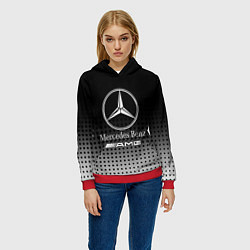 Толстовка-худи женская Mercedes-Benz, цвет: 3D-красный — фото 2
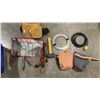 Image 1 : TOTE OF VINTAGE TOOLS, HAND DRILL AND KUNYS LEATHER KNEE PADS, TOOL BELT ETC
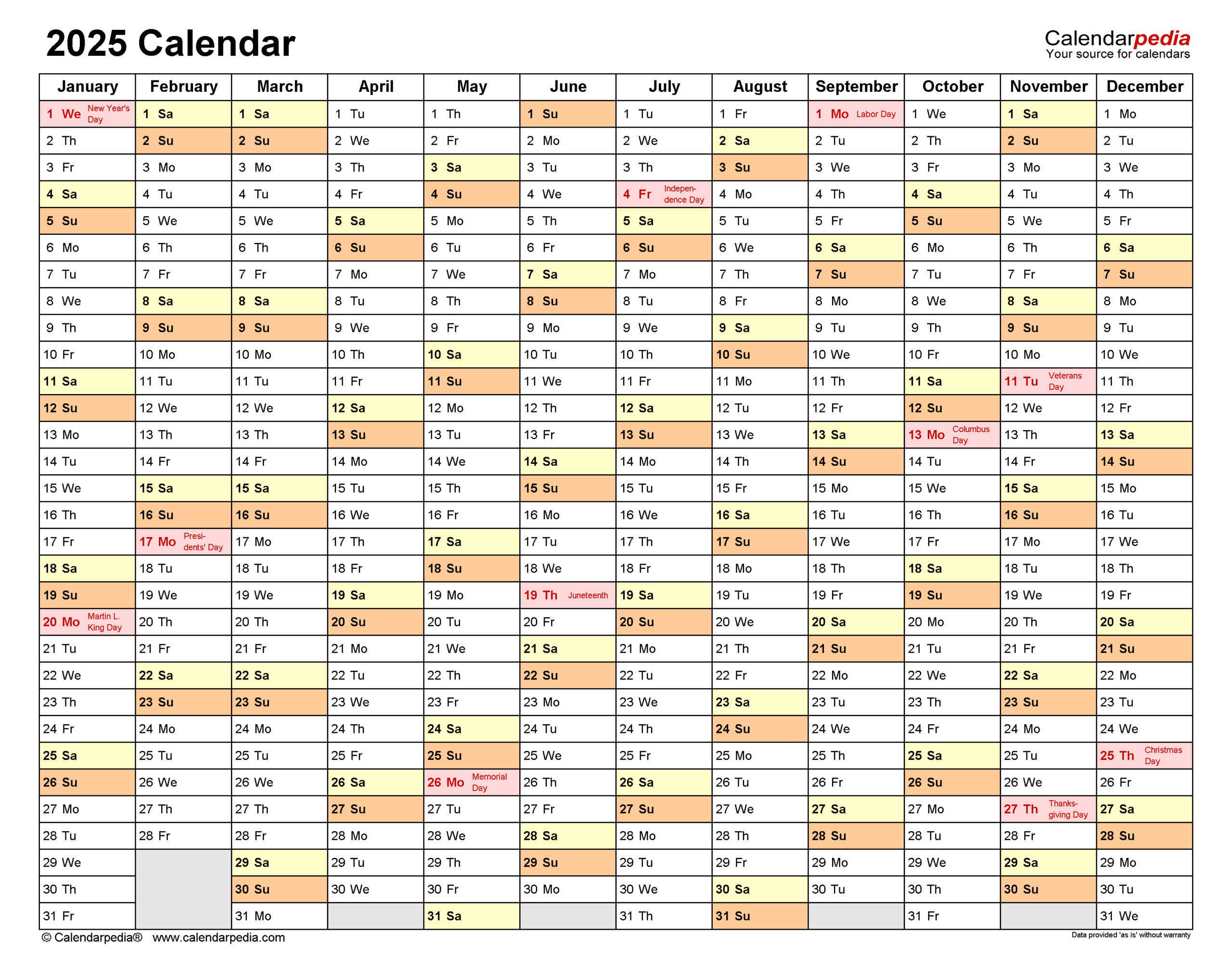 2025 Calendar - Free Printable Pdf Templates - Calendarpedia with regard to Free Printable Organizer 2025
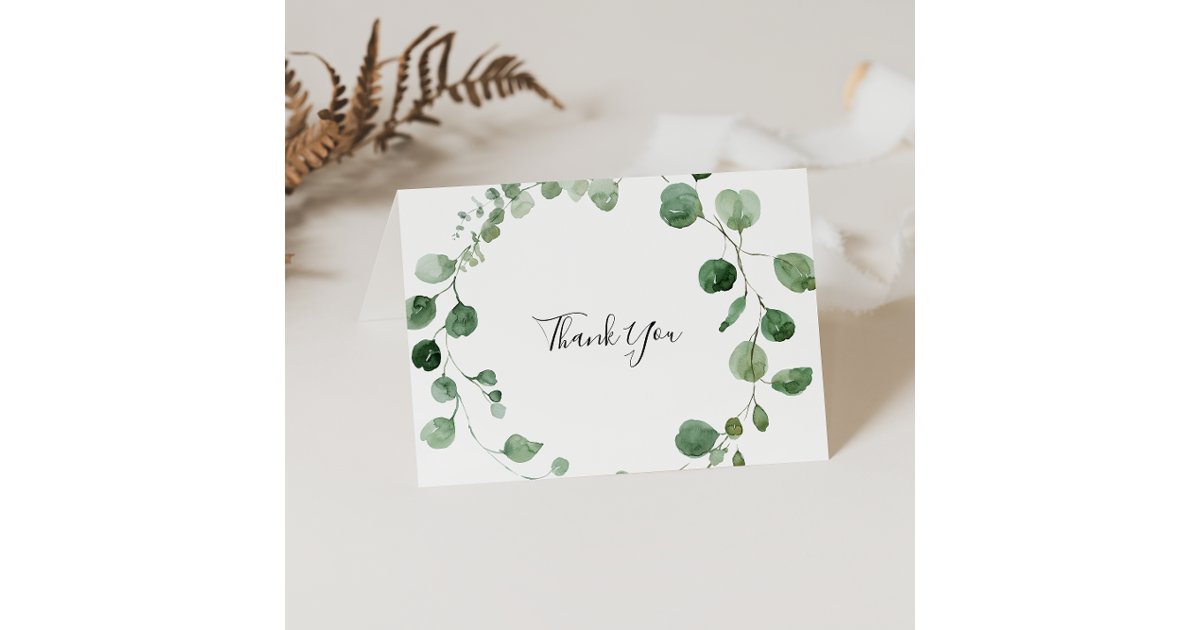 Eucalyptus Folded Wedding Thank You Card | Zazzle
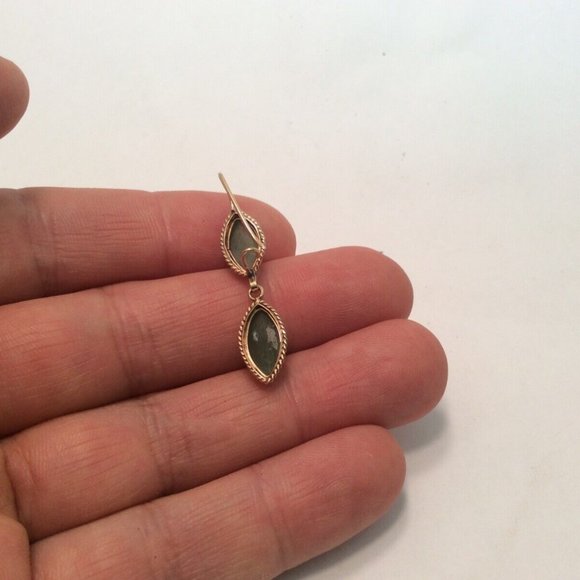 14k Real Yellow Gold Natural Jade Drop Hanging Lady Earrings 3.70gr - Picture 5 of 8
——————————
**Required action:**
Without the pictures, retype exactly the lines from the one that holds "Image 1 : TOTE" to the last line of the data above, both of them included.

**Answer section:**
 Image 1 : TOTE OF VINTAGE TOOLS, HAND DRILL AND KUNYS LEATHER KNEE PADS, TOOL BELT ETC
 2025 Calendar - Free Printable Pdf Templates - Calendarpedia with regard to Free Printable Organizer 2025
 Eucalyptus Folded Wedding Thank You Card | Zazzle
 14k Real Yellow Gold Natural Jade Drop Hanging Lady Earrings 3.70gr - Picture 5 of 8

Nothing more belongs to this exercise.